* _Task brief_
From the first line of the data down to and including the line with "A collection of", copy everything exactly, leaving out pictures.

* _Entries shown_
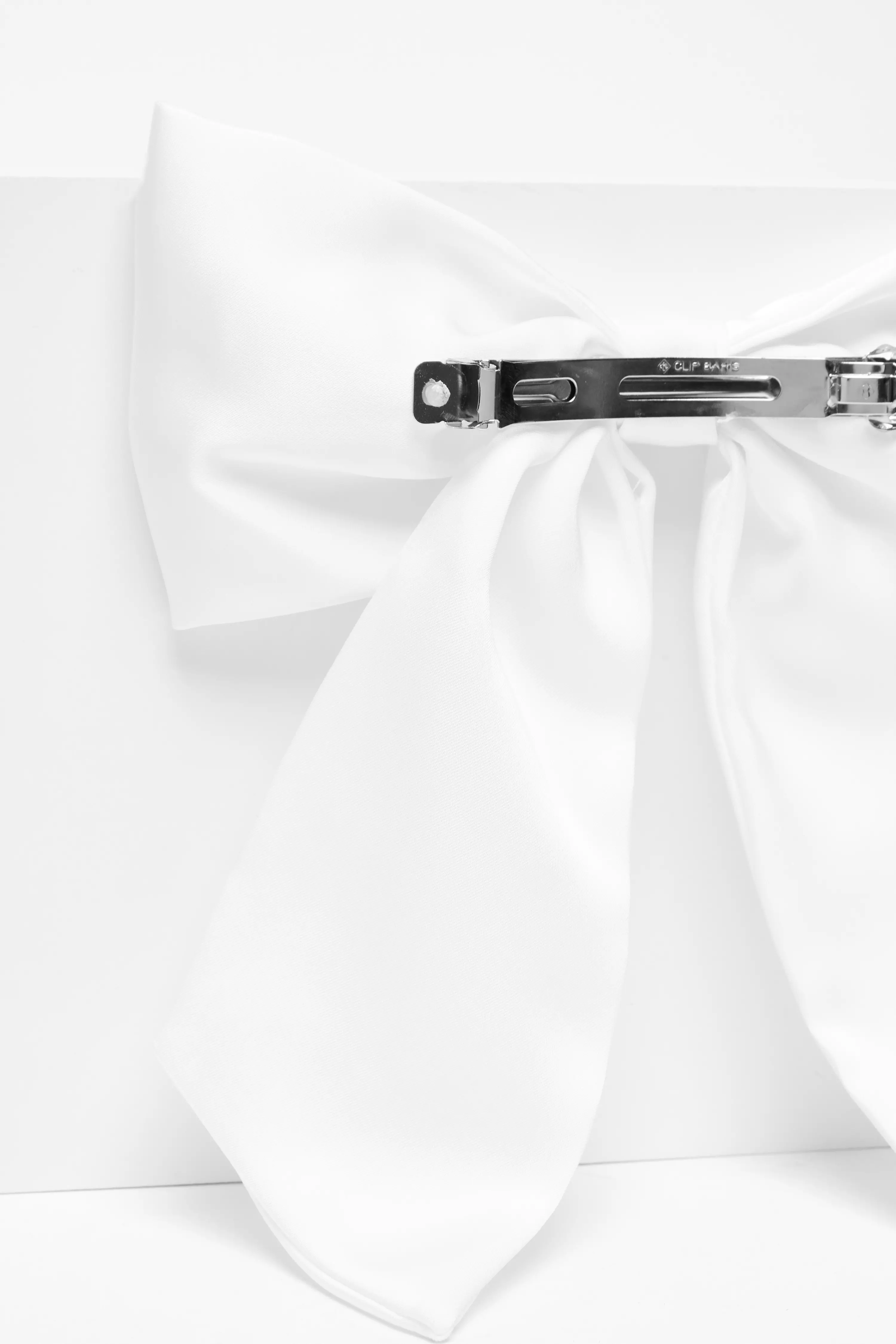 White Large Satin Hair Bow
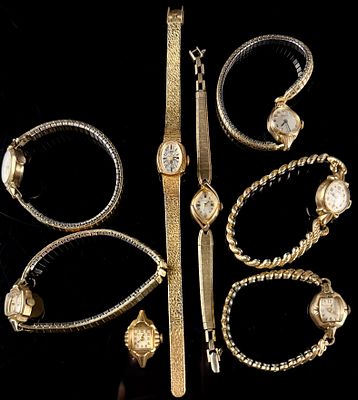 A collection of vintage ladies wristwatches including Bulova, Elgin, Wittnauer, and Timex. A 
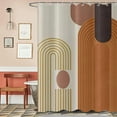 thumbnail image 3 of Boho Extra Long Shower Curtain, Mid Century Modern Abstract Minimalist Beige Neutral Machine Washable Waterproof Fabric for Bathroom Decor Bathtub with 12 Hooks 72Wx78H, 3 of 6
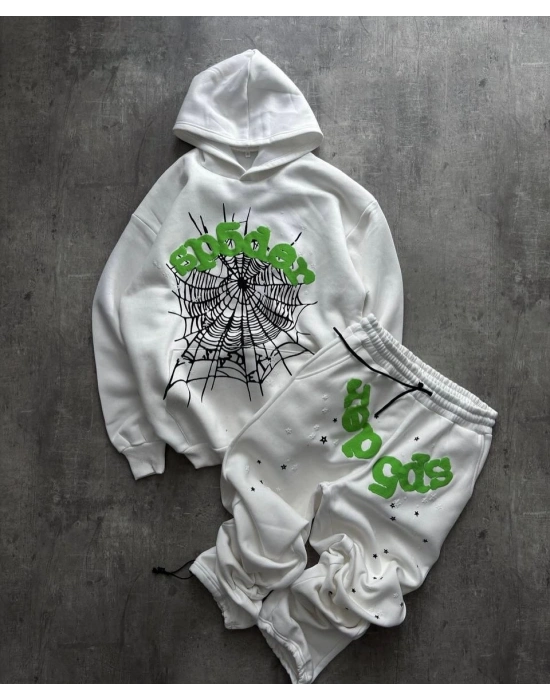 Spider Şardonlu Unisex Eşofman Takımı - Beyaz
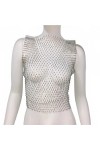 XUEMEIZI Haut Scintillant Voir à Travers Maille Transparente Haut Court t-Shirt Sexy évider Hauts Courts Clubwear Chemises de
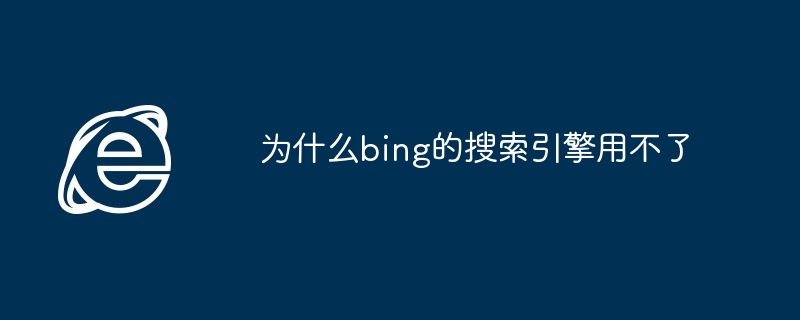 为什么bing的搜索引擎用不了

* _Response for this exercise_
 White Large Satin Hair Bow
 A collection of vintage ladies wristwatches including Bulova, Elgin, Wittnauer, and Timex. A 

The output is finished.